“I always wanted to direct,” says Bassel Ghandour, who co-wrote and produced the Oscar-nominated and Bafta award-winning film Theeb. “The experience of Theeb was amazing in the sense that it was a very collaborative effort on every front and every single member of that crew wore a million hats. For example, I was doing acting workshops, location scouting and wrote the film, so I guess I wasn’t your typical producer.
"But making that film gave me the itch, and I knew that directing was where I was heading.”
More than six years later, Ghandour has made it to Switzerland's Locarno Film Festival, where his riotous and fun directorial debut The Alleys had its world premiere. The film played on the Piazza Grande, where every year, the festival builds the largest cinema screen in Europe and thousands watch movies under the stars.
The Alleys premiere took place in front of 5,000 people. Ghandour says perhaps it's fate that the premiere took place there, because “it’s fun showing a film about Jordanian alleys in the Swiss alleys".
The film is set in Jordan’s Jabal al Natheef district in East Amman, and it’s about how the neighbourhood is fuelled by gossip. He first had the idea in 2015 and, after several stop-starts, he went with his friend, Mahmoud Abu Faha, to experience the area for himself. Faha grew up there and was able to put everyone at ease with a filmmaker snooping around.
“We’d walk around the streets and meet various characters,” says the director. “Everybody had a story, and you couldn’t tell what was gossip and what was real. It was impossible.

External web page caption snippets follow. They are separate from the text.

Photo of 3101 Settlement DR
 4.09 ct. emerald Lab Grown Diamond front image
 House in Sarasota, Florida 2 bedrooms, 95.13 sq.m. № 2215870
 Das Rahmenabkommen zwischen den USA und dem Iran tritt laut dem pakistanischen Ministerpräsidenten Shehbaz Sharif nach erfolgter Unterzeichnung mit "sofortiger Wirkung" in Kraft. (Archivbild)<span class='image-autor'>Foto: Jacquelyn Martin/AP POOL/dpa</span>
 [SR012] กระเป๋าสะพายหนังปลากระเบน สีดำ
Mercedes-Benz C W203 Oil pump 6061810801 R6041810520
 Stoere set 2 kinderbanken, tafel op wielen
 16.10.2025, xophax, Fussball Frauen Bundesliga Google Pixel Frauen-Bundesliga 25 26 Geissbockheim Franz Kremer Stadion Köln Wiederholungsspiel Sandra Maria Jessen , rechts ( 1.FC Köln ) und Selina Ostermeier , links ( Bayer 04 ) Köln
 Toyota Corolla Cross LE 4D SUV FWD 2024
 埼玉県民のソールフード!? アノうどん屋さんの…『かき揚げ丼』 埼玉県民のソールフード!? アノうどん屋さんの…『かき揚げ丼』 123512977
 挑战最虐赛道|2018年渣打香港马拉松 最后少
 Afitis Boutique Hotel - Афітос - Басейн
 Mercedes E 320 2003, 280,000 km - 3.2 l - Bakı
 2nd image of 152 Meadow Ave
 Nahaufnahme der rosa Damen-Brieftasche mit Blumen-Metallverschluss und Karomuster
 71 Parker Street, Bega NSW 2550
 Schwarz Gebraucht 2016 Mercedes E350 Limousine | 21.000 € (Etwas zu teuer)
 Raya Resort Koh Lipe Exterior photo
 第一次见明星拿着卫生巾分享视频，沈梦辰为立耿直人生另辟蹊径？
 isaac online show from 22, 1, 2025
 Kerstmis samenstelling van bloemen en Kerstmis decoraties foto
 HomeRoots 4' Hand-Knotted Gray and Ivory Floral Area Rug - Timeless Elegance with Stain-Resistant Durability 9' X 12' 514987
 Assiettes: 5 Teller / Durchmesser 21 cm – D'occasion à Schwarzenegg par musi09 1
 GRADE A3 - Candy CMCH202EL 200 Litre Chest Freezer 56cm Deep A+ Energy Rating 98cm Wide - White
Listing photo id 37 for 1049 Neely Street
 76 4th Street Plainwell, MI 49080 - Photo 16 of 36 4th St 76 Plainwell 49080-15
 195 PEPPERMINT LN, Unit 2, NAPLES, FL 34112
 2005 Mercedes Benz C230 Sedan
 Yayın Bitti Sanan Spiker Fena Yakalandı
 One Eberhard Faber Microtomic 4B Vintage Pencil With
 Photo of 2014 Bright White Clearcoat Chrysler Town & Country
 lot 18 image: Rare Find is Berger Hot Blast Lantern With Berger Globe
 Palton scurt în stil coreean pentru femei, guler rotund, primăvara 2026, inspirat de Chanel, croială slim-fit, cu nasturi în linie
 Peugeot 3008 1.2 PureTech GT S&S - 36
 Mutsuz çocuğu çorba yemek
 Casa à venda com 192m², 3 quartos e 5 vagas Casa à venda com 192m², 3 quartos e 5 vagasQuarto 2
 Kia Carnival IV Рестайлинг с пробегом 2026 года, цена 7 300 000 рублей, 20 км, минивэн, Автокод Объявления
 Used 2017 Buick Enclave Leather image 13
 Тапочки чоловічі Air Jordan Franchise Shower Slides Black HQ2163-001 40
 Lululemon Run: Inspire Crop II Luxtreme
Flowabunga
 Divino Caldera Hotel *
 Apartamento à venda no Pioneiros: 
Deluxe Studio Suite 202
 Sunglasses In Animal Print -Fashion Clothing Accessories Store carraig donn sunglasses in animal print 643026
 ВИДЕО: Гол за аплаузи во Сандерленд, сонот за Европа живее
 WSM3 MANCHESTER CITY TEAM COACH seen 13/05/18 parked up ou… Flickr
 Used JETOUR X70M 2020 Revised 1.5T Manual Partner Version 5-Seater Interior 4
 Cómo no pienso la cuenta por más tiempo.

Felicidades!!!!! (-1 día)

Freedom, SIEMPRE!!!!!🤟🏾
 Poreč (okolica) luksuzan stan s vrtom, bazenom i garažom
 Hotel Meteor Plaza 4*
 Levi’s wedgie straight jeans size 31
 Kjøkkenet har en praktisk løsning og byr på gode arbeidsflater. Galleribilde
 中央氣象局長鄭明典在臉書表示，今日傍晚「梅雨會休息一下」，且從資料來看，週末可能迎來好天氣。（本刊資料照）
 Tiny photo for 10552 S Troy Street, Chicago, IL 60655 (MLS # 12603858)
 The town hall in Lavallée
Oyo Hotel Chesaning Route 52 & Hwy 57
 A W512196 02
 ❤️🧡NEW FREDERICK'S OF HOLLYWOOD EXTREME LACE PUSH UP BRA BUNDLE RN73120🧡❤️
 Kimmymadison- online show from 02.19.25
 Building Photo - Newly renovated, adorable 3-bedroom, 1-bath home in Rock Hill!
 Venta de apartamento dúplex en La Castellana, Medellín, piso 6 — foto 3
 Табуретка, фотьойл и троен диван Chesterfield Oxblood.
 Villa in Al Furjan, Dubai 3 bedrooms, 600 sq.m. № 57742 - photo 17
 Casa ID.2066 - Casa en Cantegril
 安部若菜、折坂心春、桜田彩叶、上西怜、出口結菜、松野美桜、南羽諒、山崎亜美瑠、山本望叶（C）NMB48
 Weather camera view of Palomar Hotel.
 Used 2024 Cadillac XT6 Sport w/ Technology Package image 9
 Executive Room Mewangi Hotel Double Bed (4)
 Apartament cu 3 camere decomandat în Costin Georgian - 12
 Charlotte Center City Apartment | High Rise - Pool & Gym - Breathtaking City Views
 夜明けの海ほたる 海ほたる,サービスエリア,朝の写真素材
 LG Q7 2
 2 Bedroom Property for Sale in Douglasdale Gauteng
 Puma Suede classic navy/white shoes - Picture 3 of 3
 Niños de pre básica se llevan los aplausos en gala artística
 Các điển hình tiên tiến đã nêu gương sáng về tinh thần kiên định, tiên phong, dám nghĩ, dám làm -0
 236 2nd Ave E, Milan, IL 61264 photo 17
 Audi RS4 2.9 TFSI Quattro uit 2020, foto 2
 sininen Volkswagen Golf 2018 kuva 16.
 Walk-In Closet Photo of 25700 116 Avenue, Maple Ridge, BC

But in the end, you realise that the truth is irrelevant because gossip is the spirit of the place. Neighbourhoods like this exist across Jordan and the Middle East, in Palestine, Lebanon, Syria and Iraq.”
In The Alleys, a narrator tells the story of several characters living in the neighbourhood. The charming Ali is a hustler who doesn’t even tell his girlfriend Lana how he earns his living. But she has secrets of her own, as she’s keeping her relationship with him from her mother, Aseel.
Everyone minds their own business until Aseel receives a video of Lana and Ali together that comes with a blackmail demand, or the mysterious sender will put the offending material on the internet. So Aseel seeks the help of local gangster Abbas to catch the blackmailer and break up her daughter’s relationship.
And this is only the first chapter of this genre-busting pulp satire.
The film stars Emad Azmi as Ali, Baraka Rahmani as Lana, Munther Rayahnah as Abbas, Nadira Omran as Aseel and Maisa Abd Elhadi as Abass’s partner Hanadi.
A contemporary thriller told in a fun, fast-paced and exhilarating style, it’s the total opposite of the assured pacing of Theeb, which was a historical period drama that sheds light on a prominent moment when Arabs revolted against the Ottoman Empire.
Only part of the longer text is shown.